» Work instruction: Only the lines from the beginning of the data through the line holding "[らりるれろわをん (るるろりり)] 童貞もらってあげよっか？[春桑汉化组汉化]" belong in the answer, printed exactly and without pictures.

» Data extracts:
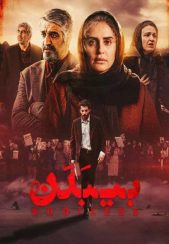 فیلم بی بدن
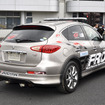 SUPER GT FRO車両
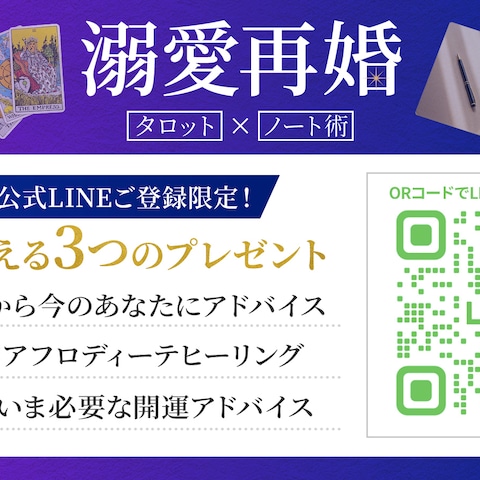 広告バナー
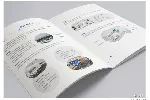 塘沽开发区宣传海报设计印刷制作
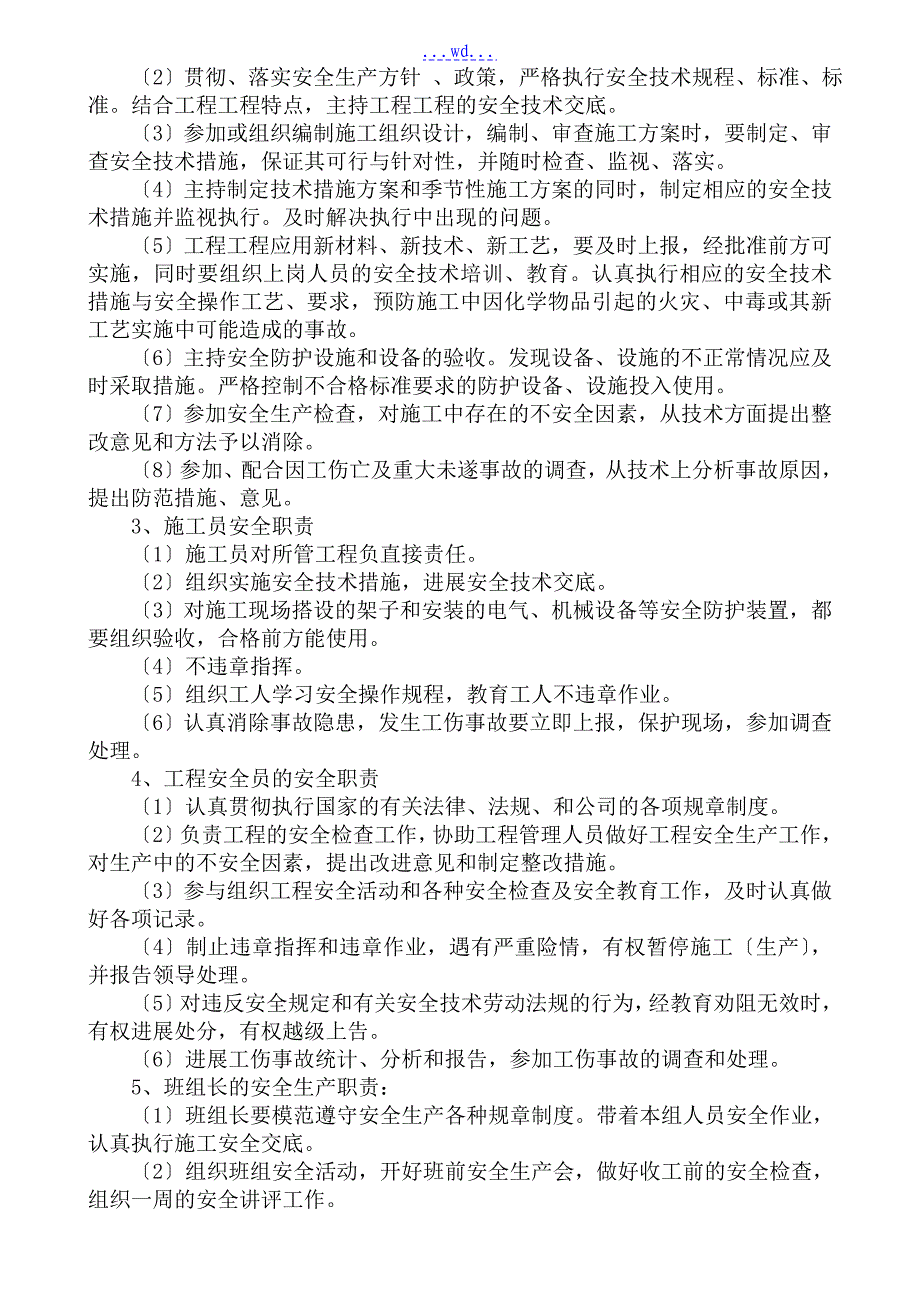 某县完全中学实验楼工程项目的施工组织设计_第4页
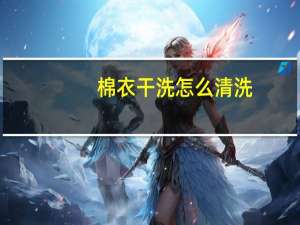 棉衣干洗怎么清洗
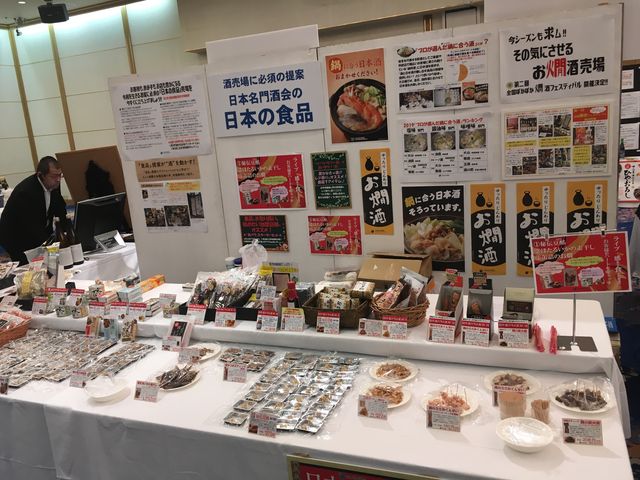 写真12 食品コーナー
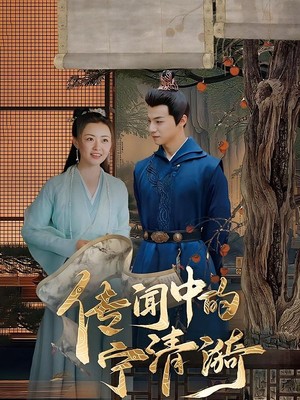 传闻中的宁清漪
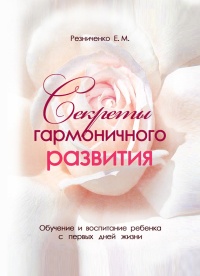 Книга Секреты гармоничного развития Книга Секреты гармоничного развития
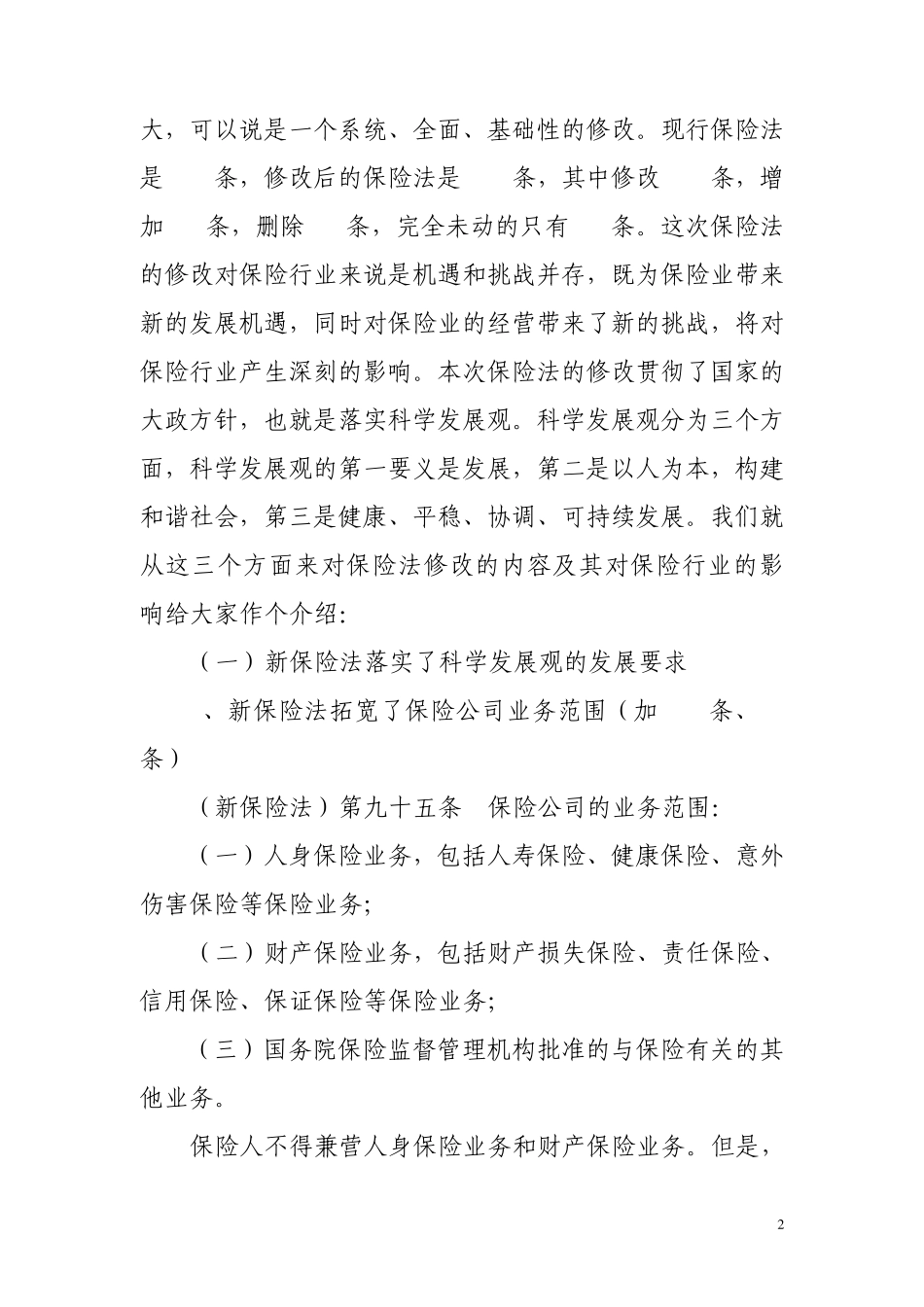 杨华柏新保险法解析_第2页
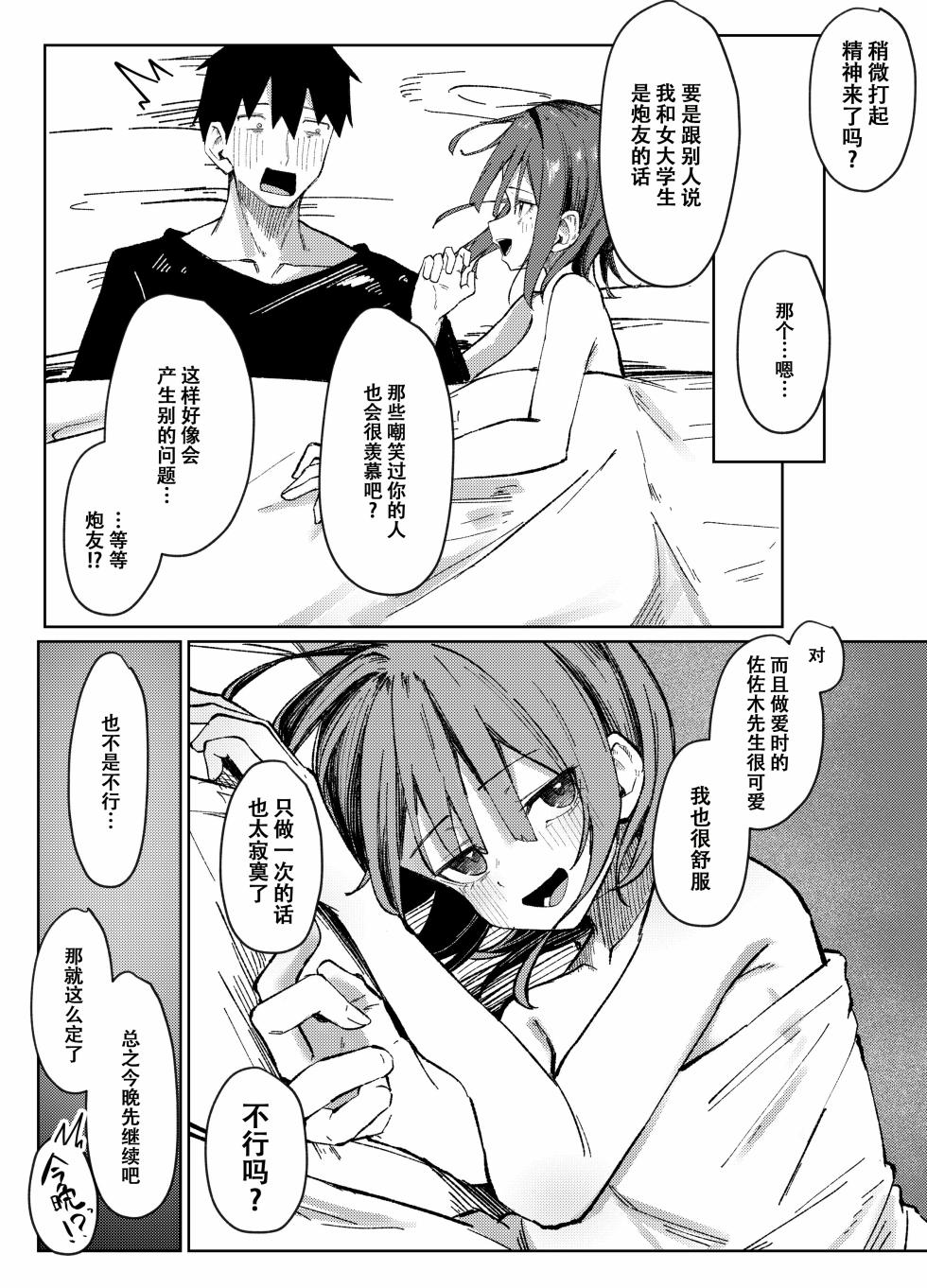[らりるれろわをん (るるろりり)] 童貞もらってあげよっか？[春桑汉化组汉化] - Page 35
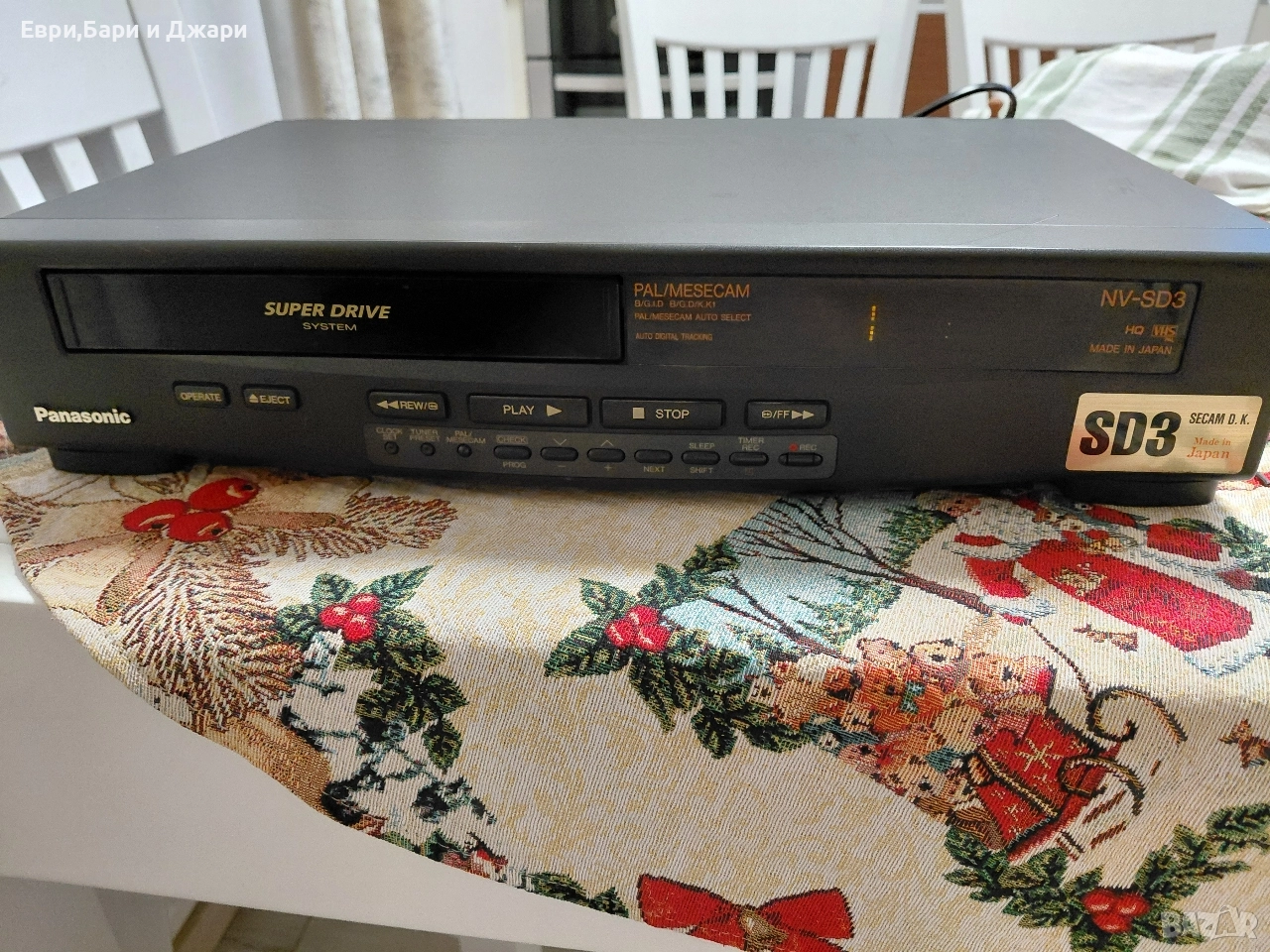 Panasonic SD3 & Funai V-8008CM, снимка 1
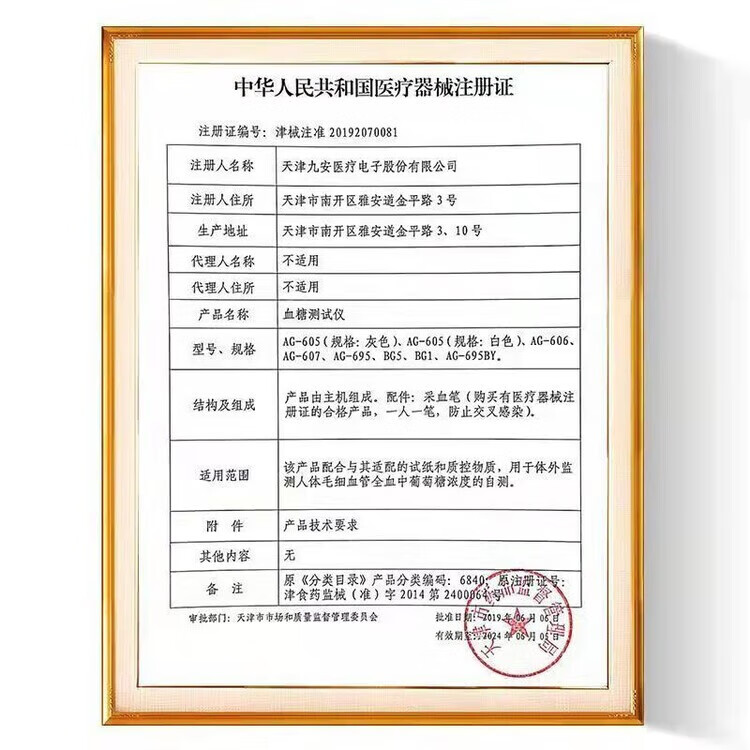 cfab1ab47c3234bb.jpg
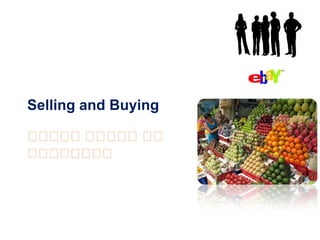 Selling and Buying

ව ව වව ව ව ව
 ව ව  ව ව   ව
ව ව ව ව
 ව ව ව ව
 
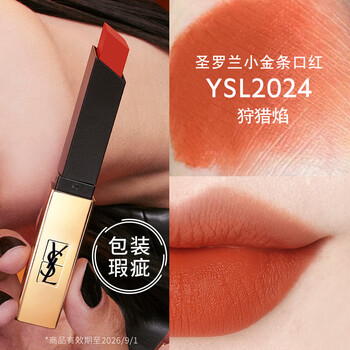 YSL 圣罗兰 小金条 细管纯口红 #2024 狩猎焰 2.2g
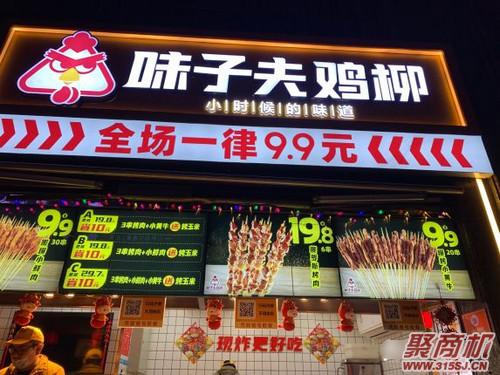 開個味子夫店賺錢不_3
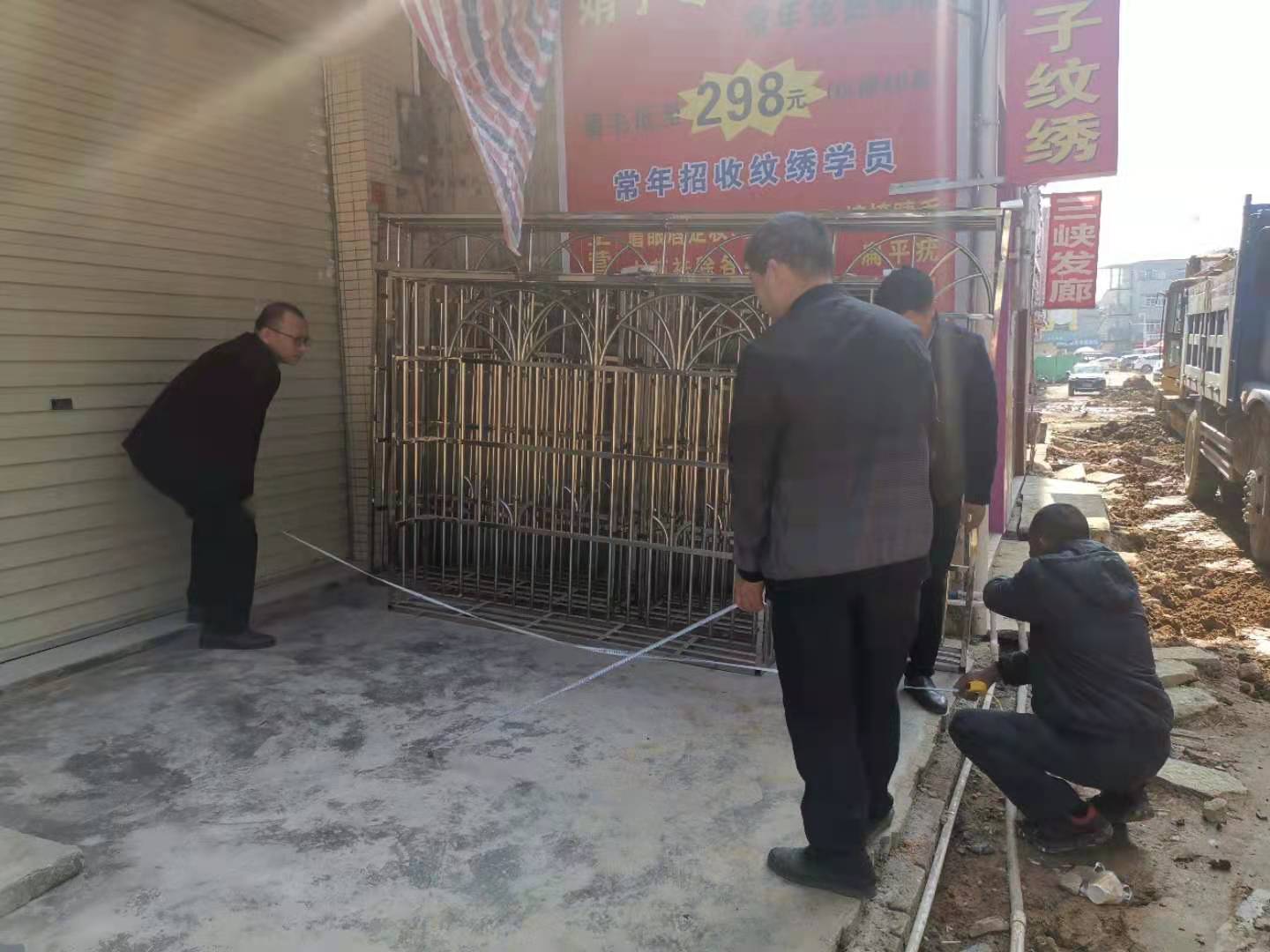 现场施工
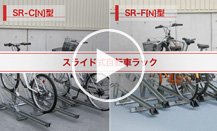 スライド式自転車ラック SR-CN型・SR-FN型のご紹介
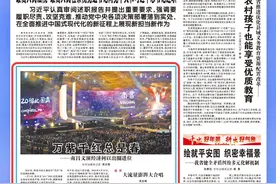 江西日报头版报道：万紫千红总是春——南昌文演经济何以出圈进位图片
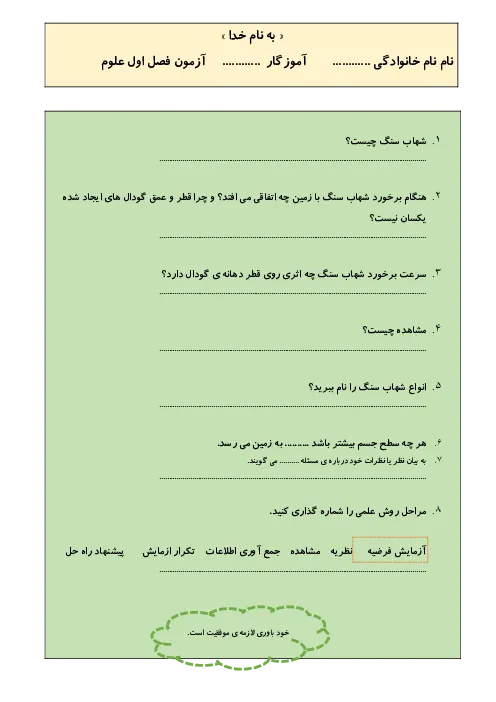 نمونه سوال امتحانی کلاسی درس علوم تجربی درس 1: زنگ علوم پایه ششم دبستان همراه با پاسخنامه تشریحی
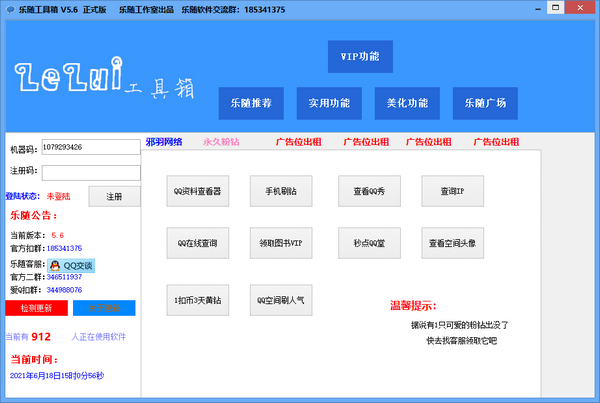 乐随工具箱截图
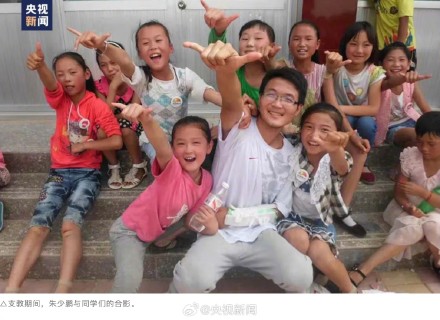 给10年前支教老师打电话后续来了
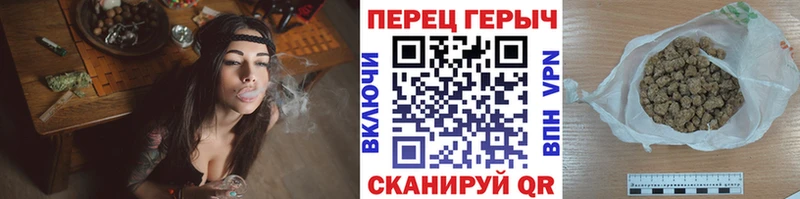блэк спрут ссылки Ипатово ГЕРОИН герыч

» Output:
 فیلم بی بدن
 SUPER GT FRO車両
 広告バナー
 塘沽开发区宣传海报设计印刷制作
 某县完全中学实验楼工程项目的施工组织设计_第4页
 棉衣干洗怎么清洗
 写真12 食品コーナー
 传闻中的宁清漪
 Книга Секреты гармоничного развития Книга Секреты гармоничного развития
 杨华柏新保险法解析_第2页
[らりるれろわをん (るるろりり)] 童貞もらってあげよっか？[春桑汉化组汉化] - Page 35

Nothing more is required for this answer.